A message from the Chiarperson
1979 – New Dehli, India. During my visit, my eyes met the realities of those suffering from the extremities of poverty. It was a sight unimaginable for those living in Japan or other developed nations. It was in that moment that I thought to myself, “I would like to help those who are underprivileged and suffering from poverty”.
In 1998, I returned to India to Kolkata (previously: Calcutta) and was able to meet Mother Teresa and volunteer at a hospice that she had established, “Kalighat, the Home of the Pure Heart”. Through my experience of taking care of individuals suffering from poverty and those facing death, I began to think: “One day, like Mother Teresa, I would like to establish a humanitarian aid organisation helping the poor in need.”

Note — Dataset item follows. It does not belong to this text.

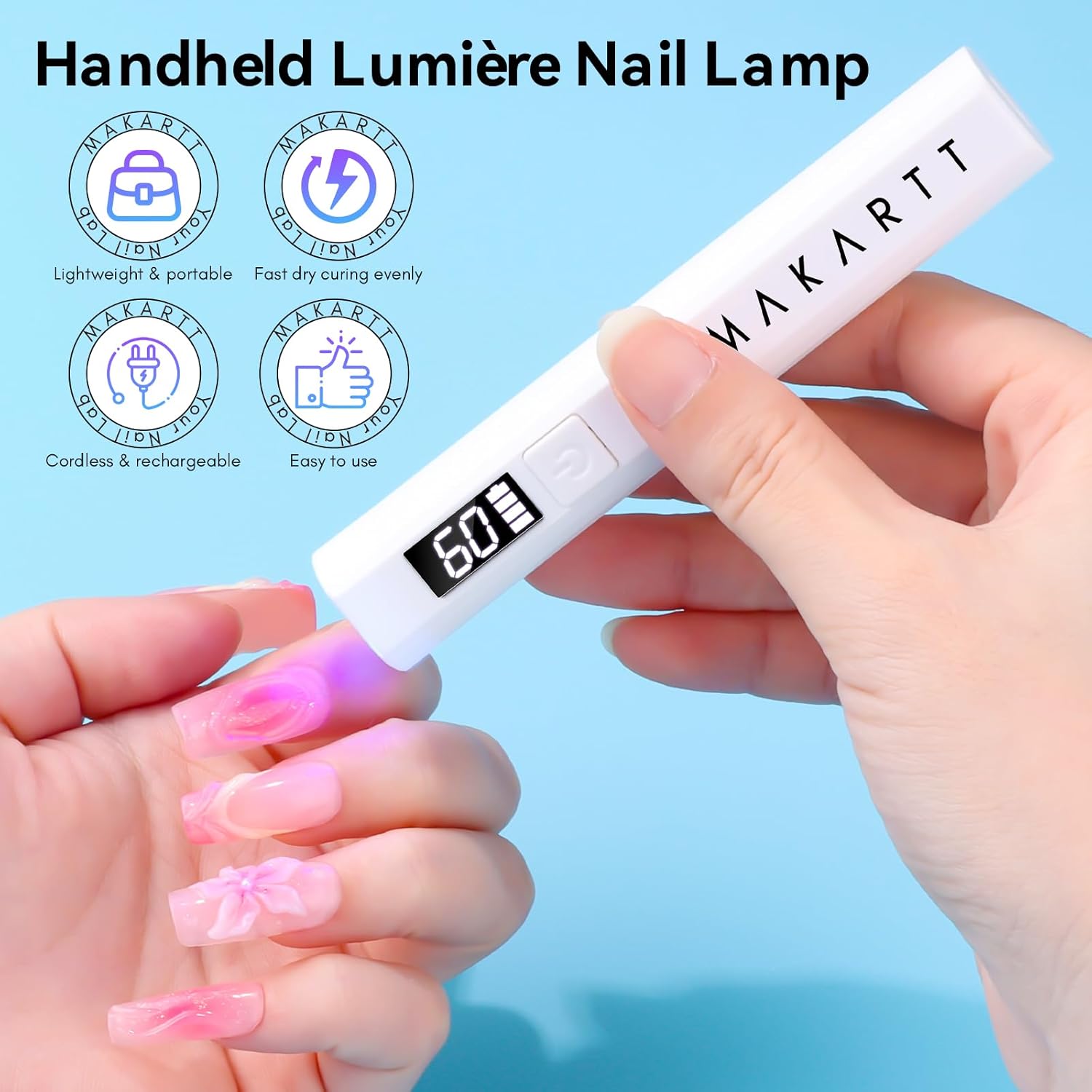makartt-red-cat-eye-kit-bandes-de-gel-semi-cured-effet-il-de-chat-2-sets-16-tail image 8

In December, 2012, in Dhaka, the capital city of Bangladesh, I was privileged to meet Nobel Peace Prize recipient, Muhammad Yunus, who pioneered the concepts of microfinance, contributing greatly towards the eradication of world poverty. At this meeting, he educated me with important words: “Microfinance is not enough to eradicate poverty. The next important thing is education”. As such, the concept of “education” is the guiding principle of the WSO’s aid scheme.
The WSO gives underprivileged children from the world’s poorest nations the opportunity to receive vocational training, thereby leading them towards overcoming poverty through financial independence.
By having our headquarters in the multicultural city of Sydney, we hear the first-hand experiences of migrants from the poorest developing nations. Moreover, I intend to formulate connections with various non-profit organisations in both Japan and Australia. Through the humanitarian and development aid of the WSO, I also believe that this will further the bond between Japan, Australia and developing nations.
Through my work in the WSO, I hope to embark on the steps necessary to free children from cycles of poverty worldwide.
Profile: Masahito Yamaguchi
After spending six years at the Paris branch of Takashimaya, Masahito Yamaguchi migrated to Australia in 1984. Attaining a Master of Business Administration at the University of New South Wales, he worked at an Anglo-Australian investment bank as an Associate Director.
In 1988, Yamaguchi established the “Nihon Brain Centre Australia”, a company specialising in visa consulting, as well as providing personnel services, student exchange and translation. He has also previously worked as the Deputy President of the Japan Club of Sydney, the largest Japanese Society in Australia. From September, 2014, Yamaguchi will be a part-time lecturer at the Maebashi Kyoai Gakuen College.